Cosby gave sedatives to young women, jurors hear at sex assault trial
Jurors at Bill Cosby’s sexual assault trial on Friday saw the entertainer’s own sworn statements that he gave young women sedatives before engaging in sexual activity with them.
Pennsylvania prosecutors completed their case against Cosby after five days of testimony aimed at portraying the comedian as a serial predator.
The trial was set to resume on Monday with the defense’s case. Cosby, 79, previously said he does not expect to testify, though his spokesman Andrew Wyatt said that could still change.
The jury in Norristown, Pennsylvania, saw excerpts from a deposition Cosby gave more than a decade ago in which he acknowledged obtaining seven prescriptions for the sedative Quaalude in the 1970s so he could give them to women.

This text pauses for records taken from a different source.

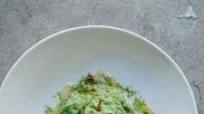 Wild garlic pasta with pancetta and green breadcrumbs Wild garlic pasta with pancetta and green breadcrumbs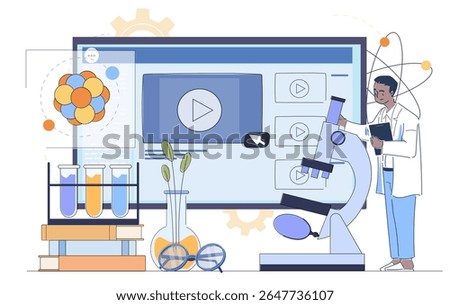 Scientist with microscope watching educational videos, surrounded by lab equipment, atom model, and test tubes on white background. Concept of online science learning. Vector illustration
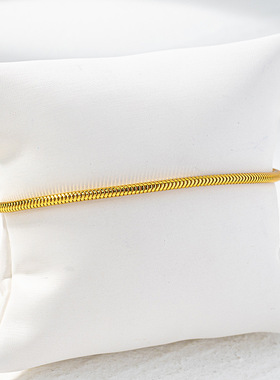 春夏基础款伸缩弹力手链夸张柔软竹节链细款镀18K真金手饰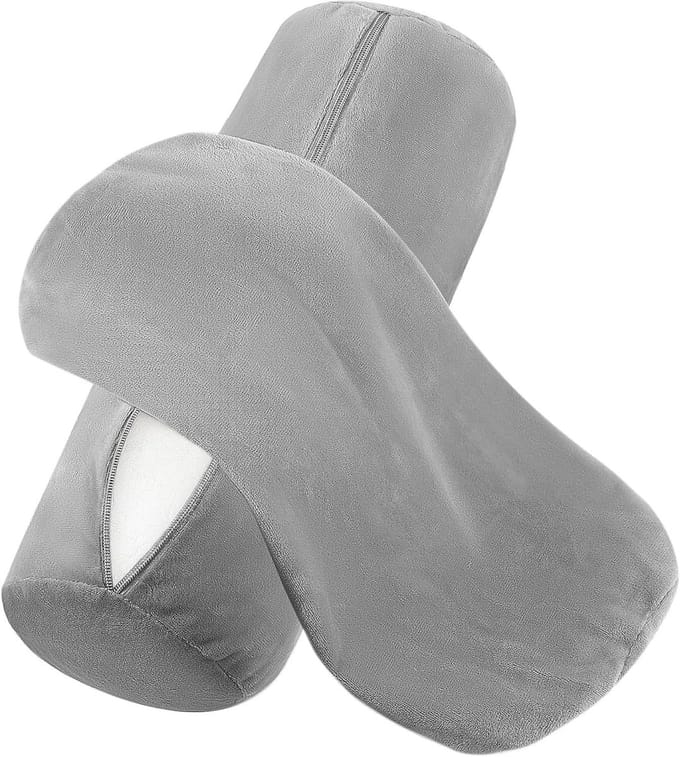 Allecto Plus - Set van 2 grijze nekrolhoesjes 40 x 15 cm met ritssluiting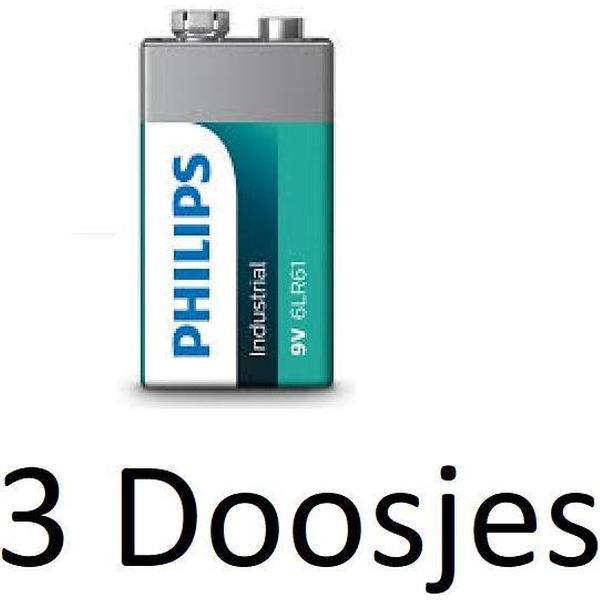 30 Stuk (3 Doosjes a 10 st) Philips Industrial 9V / 6LR61 - Alkaline batterijen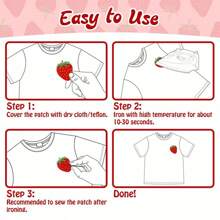 Bộ 1/20 miếng vá bánh kem màu hồng ủi, miếng vá dâu tây màu hồng hình gấu kem dễ thương, chai sữa hình quả anh đào, thêu ứng dụng cho các dự án thủ công tự làm, quần áo, áo khoác, quần jean, quần dài, váy, ba lô, đồ trang trí mũ và quà tặng Giáng sinh và năm mới - Nhiều màu - Xem 7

“Was it in your mind that you were going to use these Quaaludes for young women that you wanted to have sex with?” Cosby was asked.
“Yes,” he answered, though he denied ever doing so without their knowledge. Cosby said he avoided taking the drug himself so as not to become “sleepy.”
Cosby is charged with drugging and sexually assaulting Andrea Constand, a former administrator at Cosby’s alma mater, Temple University, at his Philadelphia-area home in 2004.
Constand has said Cosby suggested that the pills, which she said left her barely conscious and unable to resist, were herbal.
Dozens of women have leveled similar accusations against the star of the 1980s television comedy “The Cosby Show.” All but Constand’s are too old to support criminal charges.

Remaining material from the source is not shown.